Friday 7 April 2023

Thoughts on... Belle (2021) - Spoilers!

 

I’m fascinated by Belle.

I was predisposed to like it, having enjoyed other films by Mamoru Hosoda, and sat through Belle jointly in awe and despair at what it was doing. It is relentlessly frenetic, telling a dual tale of online and offline lives that tries to encompass celebrity culture, privacy, anonymity, grief, depression, self-realisation, policing, child abuse and teenage romance. That list alone should tell you that Belle is highly ambitious and aiming for a broad emotional and intellectual range. Sadly, not only does it fail to hit the notes it wants to, but most are dissonant with each other.

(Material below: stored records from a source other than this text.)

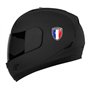 Biomar Labs® 2 x 3D Flexibles Autocollant Badge Stickers Drapeau National France Le Français Emblème Voiture Auto Moto F 145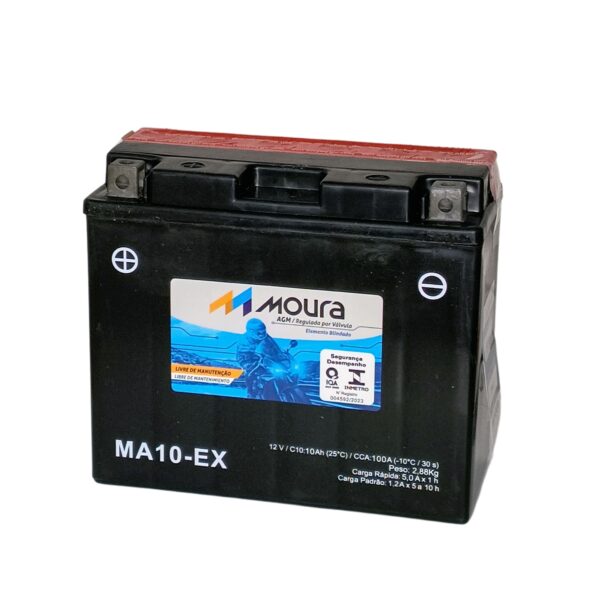 Bateria Moura Moto – MA10-EX – 10 Ah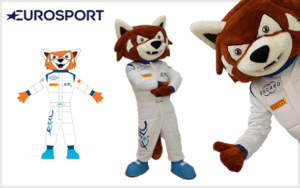 Mascotte sur-mesure Eurosport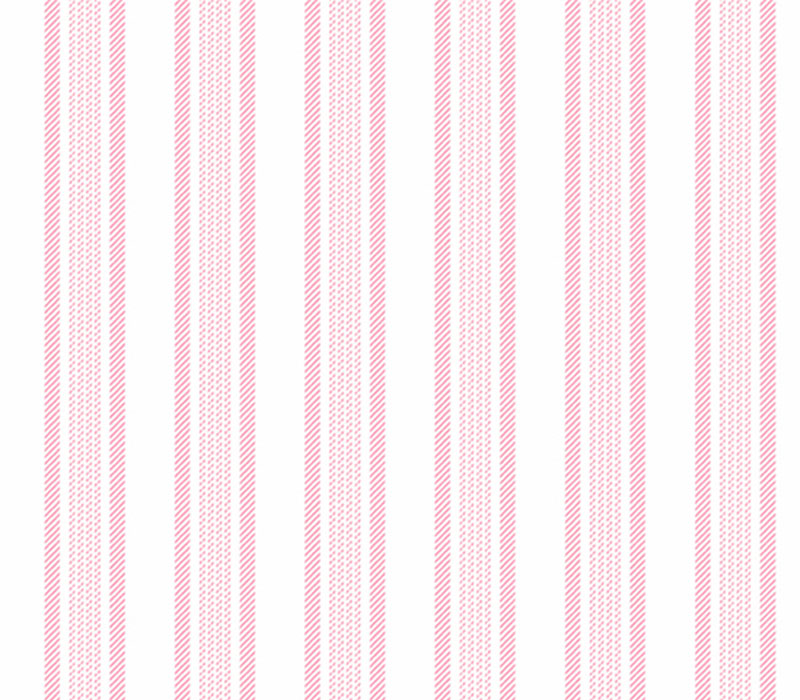 Magnolia Florals Pink and White Stripe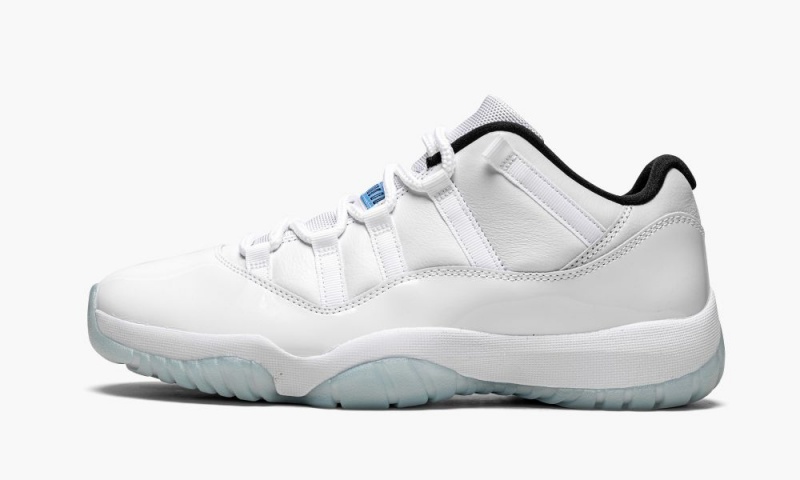 Nike Air Jordan 11 Retro Low \'Legend Blue\' Schoenen Heren Wit Zwart Blauw Nederland | 428637-TEZ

I should jump in here with some positives: I like, for the most part, how the story is visualised. There’s a strong aesthetic identity to both digital and analogue worlds. 


The online world of U is primarily cel-shaded 3D CGI that is more intensely colourful and graphic than the offline world, but sympathetic to it in terms of character design and by limiting its frame rate. The low(ish) frame rate along with the sense of fluidity that would otherwise be offered by the digital animation offers a feeling of hyper-reality that works perfectly for how this digital space is pitched in the story. The digital world can make use of free-roaming cameras and extreme virtual lenses to offer both a freer and less real sense of space than in the analogue world.



The offline space is in a traditional animated style, 2D hand-drawn animation with flat colour and near photo-realistic painted backgrounds. It embraces the restriction of a locked-off (virtual) camera that simplifies this technique and stands in contrast to the more effusive, flowing, digital world. Offline, of course, palettes are more restricted.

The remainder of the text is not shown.